背景：慢性疾病（如乳腺癌）治疗的进步，扩大了我们观察患者预后的能力，超出了疾病相关死亡率，包括远处复发等事件。然而，竞争事件可能使主要结局的解释复杂化，使得粗糙的累积发生率函数成为准确随访分析的最可靠测量。长期研究需要灵活的建模，以适应复杂的、时间依赖的效应和协变量之间的相互作用。传统的模型，如比例子分布风险模型，往往不足以解决这些复杂性。虽然已经提出了适应性更强的方法，但仍然需要系统地评估模型复杂性，特别是为了探索性目的。本文提出了一个统计学习工作流，用于评估粗累积发生率的模型复杂性，并引入了一个与时间相关的预测精度度量。该框架为研究人员提供了一个增强的工具包，用于稳健地解决长期结果建模的复杂性和推导可解释的预后算法。方法：我们使用米兰1号和米兰3号试验的乳腺癌复发时间数据来证明我们的方法，这些试验有很长的随访期。采用了两个灵活的建模框架-伪观测和子分布风险模型，并通过样条函数增强以捕获基线危害和风险。我们提出的工作流程集成了原油累积发生率的aallen - johansen估计的图形表示，使研究人员能够直观地假设和调整模型复杂性以匹配所研究的现象。信息标准指导模型选择以近似底层数据结构。利用自举数据扰动和随时间变化的预测精度测量，加上Harrell的乐观修正，我们确定了最优的模型结构，平衡了可解释性、预测性和概泛性。结果：我们的研究结果强调了数据扰动的重要性，并通过原始数据分析后的乐观校正预测措施进行验证。初始模型结构可能不同于通过迭代摄动识别的最鲁棒模型。理想模型具有高鲁棒性（最常在扰动中选择）、强可解释性和预测能力。当扰动结果不一致时，评估各种时间相关的预测措施提供了额外的见解，特别是关于模型复杂性和预测收益之间的权衡。在预测性改进很小的情况下，更简单和更可解释的模型结构是可取的。结论：提出的统计学习工作流程，由领域专家提供信息，允许在乳腺癌远处复发的预后建模中纳入临床相关的复杂性。我们的结果表明，在许多情况下，一个细致而灵活的模型结构可能比简单的模型更好地服务于未来的预测。这种方法强调了平衡模型简单性和复杂性的价值，以获得有意义的、临床有用的见解。

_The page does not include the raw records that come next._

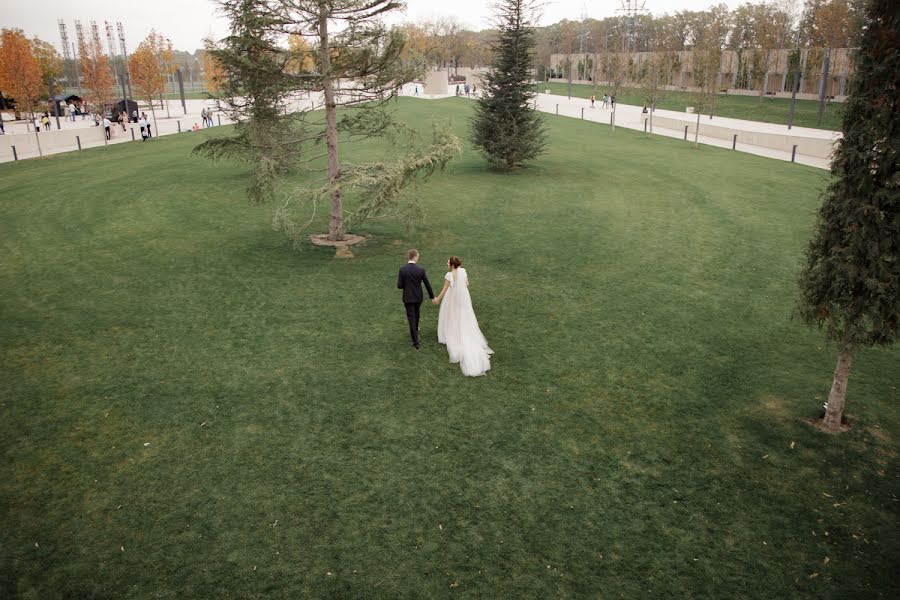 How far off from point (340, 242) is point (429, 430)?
9.83 metres

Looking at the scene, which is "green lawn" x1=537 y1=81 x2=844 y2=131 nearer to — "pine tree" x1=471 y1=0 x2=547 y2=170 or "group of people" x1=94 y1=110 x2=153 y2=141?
"pine tree" x1=471 y1=0 x2=547 y2=170

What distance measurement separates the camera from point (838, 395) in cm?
867

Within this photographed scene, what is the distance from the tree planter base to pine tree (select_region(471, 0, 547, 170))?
11959 millimetres

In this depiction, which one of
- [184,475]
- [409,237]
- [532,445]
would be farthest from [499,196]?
[184,475]

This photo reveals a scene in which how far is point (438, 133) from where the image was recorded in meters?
15.4

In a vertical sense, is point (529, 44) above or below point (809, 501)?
above

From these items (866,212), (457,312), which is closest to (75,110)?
(457,312)

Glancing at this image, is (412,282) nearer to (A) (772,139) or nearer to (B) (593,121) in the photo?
(A) (772,139)

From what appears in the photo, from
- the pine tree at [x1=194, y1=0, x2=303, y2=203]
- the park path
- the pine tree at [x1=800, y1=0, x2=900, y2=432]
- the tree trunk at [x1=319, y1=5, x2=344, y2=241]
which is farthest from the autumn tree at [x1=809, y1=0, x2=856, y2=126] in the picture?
the pine tree at [x1=800, y1=0, x2=900, y2=432]

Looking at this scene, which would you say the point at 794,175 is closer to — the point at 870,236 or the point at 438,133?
the point at 438,133

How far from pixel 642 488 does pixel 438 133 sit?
10564 mm

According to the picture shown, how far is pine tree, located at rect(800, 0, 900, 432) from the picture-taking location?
740cm

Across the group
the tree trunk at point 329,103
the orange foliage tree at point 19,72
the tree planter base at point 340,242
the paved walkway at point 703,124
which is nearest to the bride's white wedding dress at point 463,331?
the tree trunk at point 329,103

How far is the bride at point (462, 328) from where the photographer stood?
33.8 ft
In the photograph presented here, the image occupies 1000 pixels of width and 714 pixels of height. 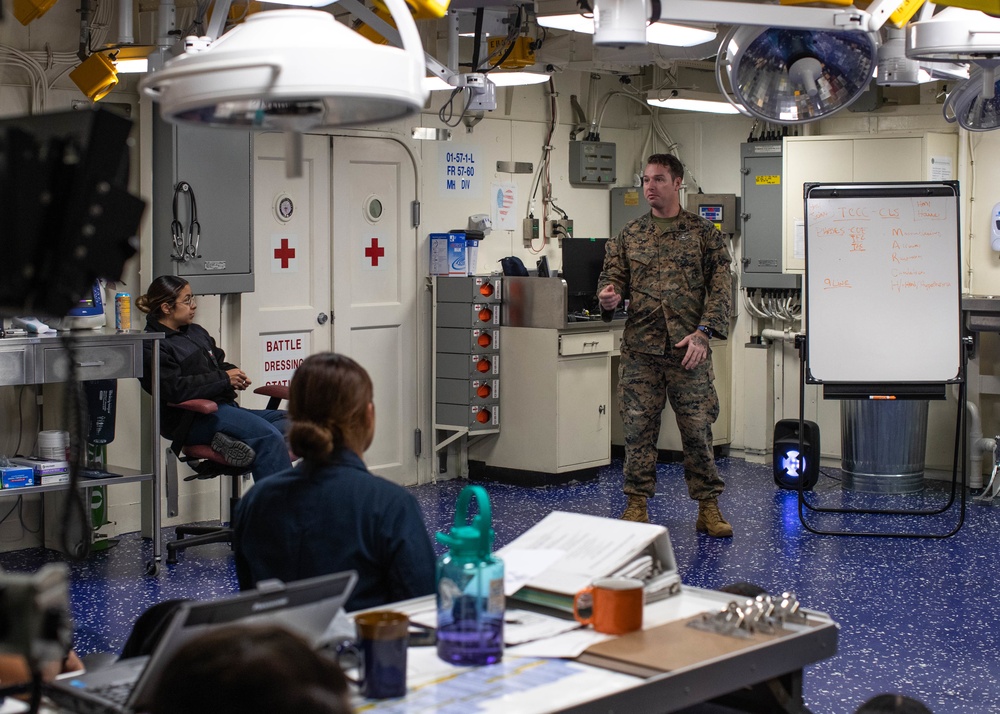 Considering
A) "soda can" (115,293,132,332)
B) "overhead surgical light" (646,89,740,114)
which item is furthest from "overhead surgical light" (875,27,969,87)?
"overhead surgical light" (646,89,740,114)

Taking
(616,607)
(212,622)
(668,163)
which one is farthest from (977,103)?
(212,622)

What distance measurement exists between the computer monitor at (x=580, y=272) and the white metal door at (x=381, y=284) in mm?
1010

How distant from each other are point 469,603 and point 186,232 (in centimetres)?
396

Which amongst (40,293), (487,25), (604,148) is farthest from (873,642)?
(604,148)

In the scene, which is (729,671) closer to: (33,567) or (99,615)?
(99,615)

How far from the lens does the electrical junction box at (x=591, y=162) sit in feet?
25.7

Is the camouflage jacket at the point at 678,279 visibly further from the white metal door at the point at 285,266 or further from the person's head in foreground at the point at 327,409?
the person's head in foreground at the point at 327,409

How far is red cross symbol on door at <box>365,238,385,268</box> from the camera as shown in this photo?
22.5 feet

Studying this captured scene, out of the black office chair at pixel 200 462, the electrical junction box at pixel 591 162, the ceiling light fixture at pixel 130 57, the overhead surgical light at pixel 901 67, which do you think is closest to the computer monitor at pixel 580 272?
the electrical junction box at pixel 591 162

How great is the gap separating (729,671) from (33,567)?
392 cm

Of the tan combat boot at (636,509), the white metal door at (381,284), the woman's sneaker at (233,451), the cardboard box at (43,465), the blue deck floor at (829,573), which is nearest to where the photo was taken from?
the blue deck floor at (829,573)

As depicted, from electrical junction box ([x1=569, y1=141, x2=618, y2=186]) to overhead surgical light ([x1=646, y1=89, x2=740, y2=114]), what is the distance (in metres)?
0.68

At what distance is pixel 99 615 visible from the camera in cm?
456

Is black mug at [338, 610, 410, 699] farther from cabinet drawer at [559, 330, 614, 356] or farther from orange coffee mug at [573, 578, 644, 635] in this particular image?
cabinet drawer at [559, 330, 614, 356] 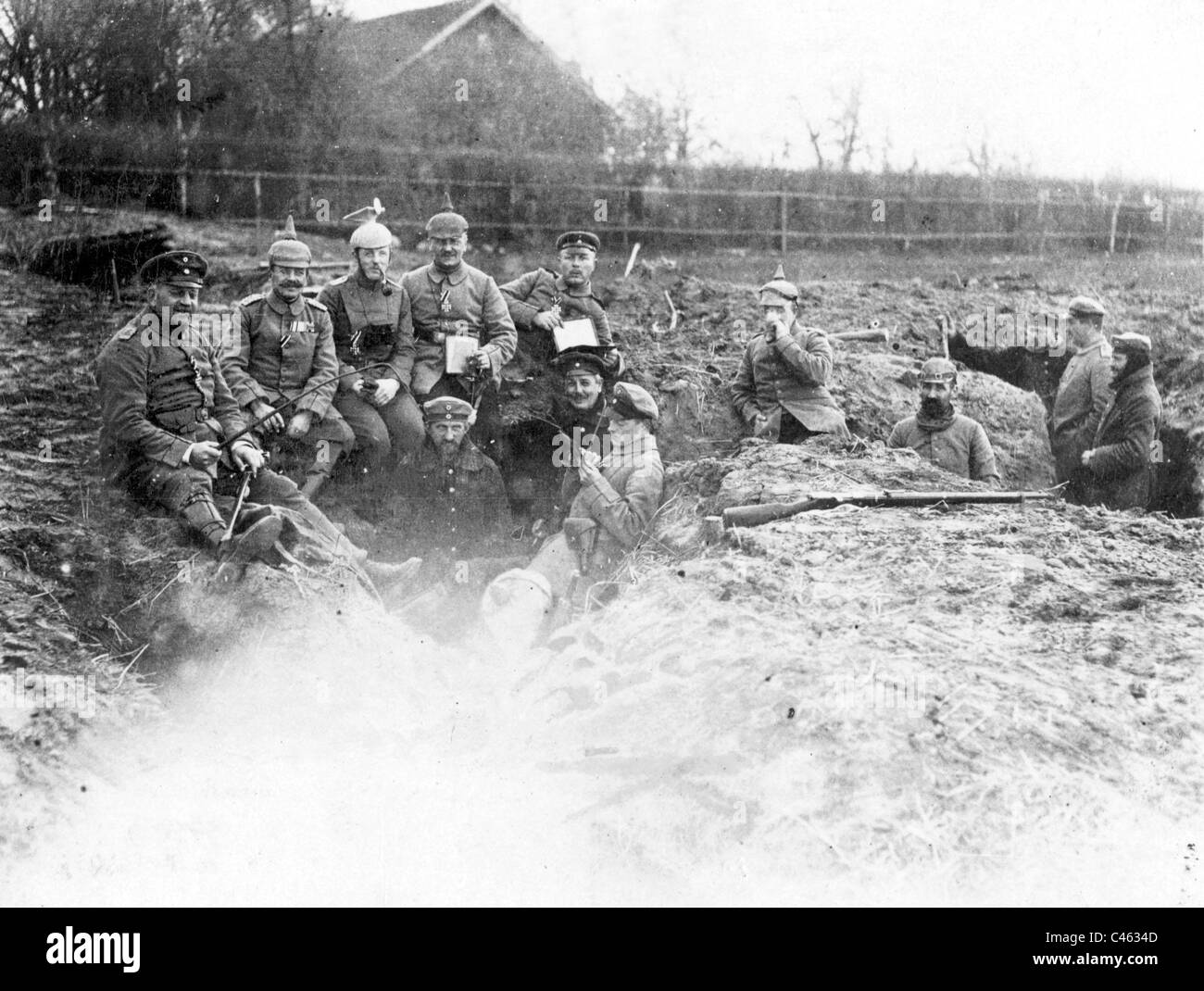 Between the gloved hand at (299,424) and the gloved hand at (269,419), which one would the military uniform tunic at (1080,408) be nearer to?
the gloved hand at (299,424)

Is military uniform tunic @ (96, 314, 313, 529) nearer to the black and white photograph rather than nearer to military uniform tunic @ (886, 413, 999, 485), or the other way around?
the black and white photograph

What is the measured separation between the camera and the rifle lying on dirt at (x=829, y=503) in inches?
283

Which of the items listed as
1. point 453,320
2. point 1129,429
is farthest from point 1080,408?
point 453,320

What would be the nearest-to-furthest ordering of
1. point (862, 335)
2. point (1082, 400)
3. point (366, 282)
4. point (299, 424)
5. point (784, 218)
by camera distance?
point (299, 424) < point (366, 282) < point (1082, 400) < point (862, 335) < point (784, 218)

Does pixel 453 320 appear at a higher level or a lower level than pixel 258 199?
lower

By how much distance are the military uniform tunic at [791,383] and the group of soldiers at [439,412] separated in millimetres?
13

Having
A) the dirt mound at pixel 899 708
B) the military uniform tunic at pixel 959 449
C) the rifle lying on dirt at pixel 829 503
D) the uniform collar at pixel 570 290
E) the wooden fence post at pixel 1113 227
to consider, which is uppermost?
the wooden fence post at pixel 1113 227

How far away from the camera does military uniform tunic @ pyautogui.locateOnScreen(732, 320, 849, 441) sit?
8.88 m

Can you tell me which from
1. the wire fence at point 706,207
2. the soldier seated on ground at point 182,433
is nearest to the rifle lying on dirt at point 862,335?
the wire fence at point 706,207

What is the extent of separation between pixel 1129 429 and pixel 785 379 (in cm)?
245

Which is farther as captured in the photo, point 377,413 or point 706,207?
point 706,207

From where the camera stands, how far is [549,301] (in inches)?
366

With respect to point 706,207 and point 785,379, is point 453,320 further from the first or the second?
point 706,207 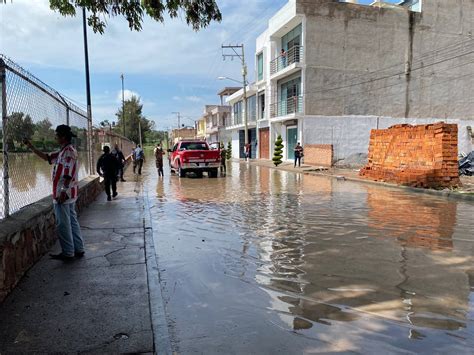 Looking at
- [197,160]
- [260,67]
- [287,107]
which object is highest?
[260,67]

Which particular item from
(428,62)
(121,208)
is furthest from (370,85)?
(121,208)

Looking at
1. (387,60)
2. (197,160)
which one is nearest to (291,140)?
(387,60)

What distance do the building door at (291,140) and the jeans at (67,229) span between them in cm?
2780

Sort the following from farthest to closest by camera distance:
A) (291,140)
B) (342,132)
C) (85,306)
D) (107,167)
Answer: (291,140), (342,132), (107,167), (85,306)

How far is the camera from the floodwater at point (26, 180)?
545 cm

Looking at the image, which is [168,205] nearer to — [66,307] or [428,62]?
[66,307]

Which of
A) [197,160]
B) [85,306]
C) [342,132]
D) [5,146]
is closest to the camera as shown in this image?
[85,306]

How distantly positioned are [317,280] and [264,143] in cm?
3558

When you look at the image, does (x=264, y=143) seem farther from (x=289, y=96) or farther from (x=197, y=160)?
(x=197, y=160)

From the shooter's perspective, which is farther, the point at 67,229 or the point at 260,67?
the point at 260,67

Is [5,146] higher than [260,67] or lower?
lower

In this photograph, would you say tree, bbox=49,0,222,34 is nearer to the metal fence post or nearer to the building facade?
the metal fence post

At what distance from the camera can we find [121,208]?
10.7 metres

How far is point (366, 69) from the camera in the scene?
105ft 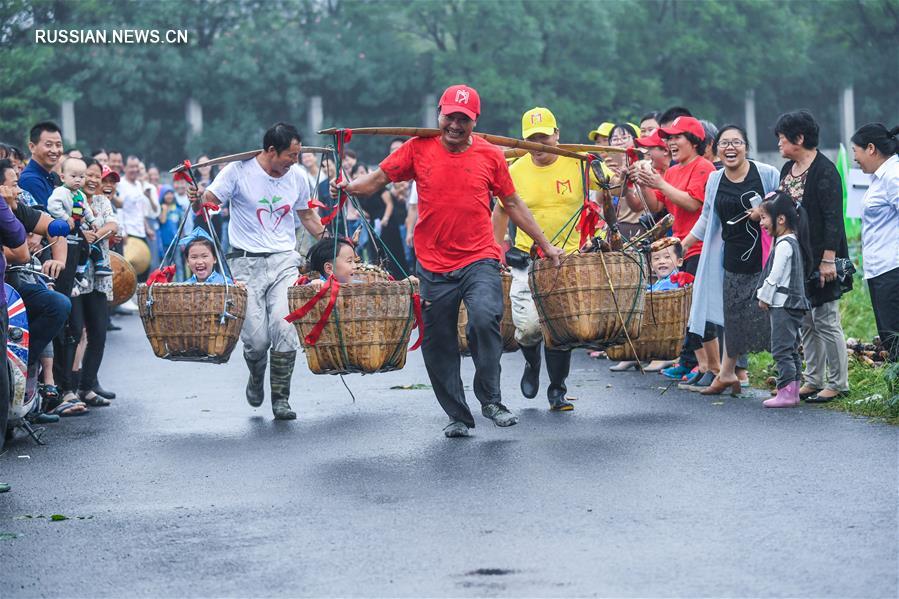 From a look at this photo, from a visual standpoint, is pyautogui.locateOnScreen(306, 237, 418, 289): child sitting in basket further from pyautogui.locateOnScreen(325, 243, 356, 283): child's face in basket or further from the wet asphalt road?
the wet asphalt road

本文章由计算机程序翻译，如有差异，请以英文原文为准。

求助全文

约1分钟内获得全文求助全文

来源期刊

BMC Medical Research Methodology 医学-卫生保健

CiteScore

6.50

自引率

2.50%

发文量

298

审稿时长

3-8 weeks

期刊介绍： BMC Medical Research Methodology is an open access journal publishing original peer-reviewed research articles in methodological approaches to healthcare research. Articles on the methodology of epidemiological research, clinical trials and meta-analysis/systematic review are particularly encouraged, as are empirical studies of the associations between choice of methodology and study outcomes. BMC Medical Research Methodology does not aim to publish articles describing scientific methods or techniques: these should be directed to the BMC journal covering the relevant biomedical subject area.